Minimized Complication Risk

  • Reduced chance of infection, blood loss and postoperative complications in contrast to the traditional open exploratory surgery.

Economical in the Long-term

  • It may not be cheap initially, but the fact that both diagnosis and treatment are performed in a single minimally invasive procedure will minimize the necessity of performing repeat procedures and spending prolonged hospitalization.

Conclusion

Diagnostic laparoscopy is a safe, minimally invasive and highly effective technique of examining abdominal and pelvic organs directly. It is important in the detection of insidious causes of disorders like chronic abdominal pain, infertility, endometriosis, adhesions, and unexplainable medical issues that otherwise might not have been noticed with the routine imaging tests. Its greatest benefit is that it can be used as a diagnostic and a therapeutic option in the same session- where the doctor does not only identify abnormalities in a patient but also remedies them at the same time. Diagnostic laparoscopy has become a gold standard in the modern medicine due to its small incisions, quick recovery, minimal scarring, and high precision, as well as its ability to assess the health of the abdomen and the reproductive system.

Why Choose GetWellGo for Diagnostic Laparoscopy Treatment?

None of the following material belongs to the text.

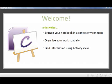In this video for Canvas for OneNote, I'm going to talk to you about browsing your Canvas environment, organizing your work spatially, and finding information using the Activity View.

GetWellGo is regarded as a leading supplier of healthcare services. We help our foreign clients choose the best treatment locations that suit their needs both financially and medically.

We offer:

  • Complete transparency
  • Fair costs.
  • 24 hour availability.
  • Medical E-visas
  • Online consultation from recognized Indian experts.
  • Assistance in selecting India's top hospitals for Diagnostic Laparoscopy treatment.
  • Expert physicians with a strong track record of success
  • Assistance during and after the course of treatment.
  • Language Support
  • Travel and Accommodation Services
  • Case manager assigned to every patient to provide seamless support in and out of the hospital like appointment booking
  • Local SIM Cards
  • Currency Exchange
  • Arranging Patient’s local food

FAQ

1. What is the purpose of diagnostic laparoscopy?

  • It is also involved in diagnosing conditions of the abdominal and pelvis organs like unexplained abdominal pain, infertility, endometriosis, pelvic adhesions, cysts, fibroids or suspected internal infections.

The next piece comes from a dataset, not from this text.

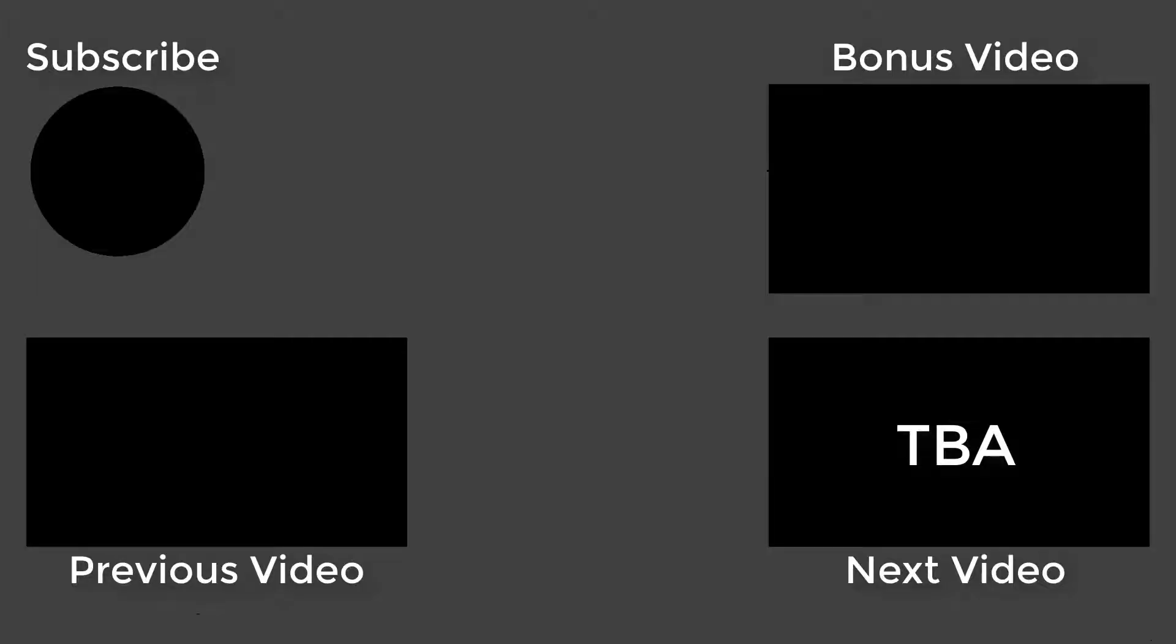If you found it helpful, make sure to leave a like and subscribe to get notified when my next video is up. And if you have any questions, don't hesitate to ask in the comment section below, and I'll try my best to answer your questions. Thanks for watching and see you in the next video. See ya!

2. Does laparoscopic diagnosis cause pain?

  • No, it is done under general anaesthesia and therefore the patients do not experience any pain in the process of surgery. The gas of carbon dioxide used may cause some mild pain, bloating, or even the shoulder-tip pain following the procedure.

3. What is the duration of the procedure?

  • An average laparoscopic diagnosis procedure lasts 30 to 60 minutes, although it might require more time in case of other procedures (such as cyst removal or adhesion).

4. How long is the hospital stay?

  • The majority of the patients are discharged during the same day or in 24 hours, depending on their condition and minor surgical treatment carried out.

5. When will I be able to resume a normal lifestyle?

  • The recovery process can happen within 5-7days and light activities can be resumed within 2-3days. Rigorous physical activity and heavy lifting are to be avoided during a period of 2-3 weeks.

6. Is diagnostic laparoscopy useful in dealing with infertility?

  • Yes. It is talked of as the gold standard when diagnosing the causes of infertility which may be blocked fallopian tubes, endometriosis, ovarian cysts, adhesions or fibroids. A dye test (chromopertubation) frequently is performed to test tubal patency.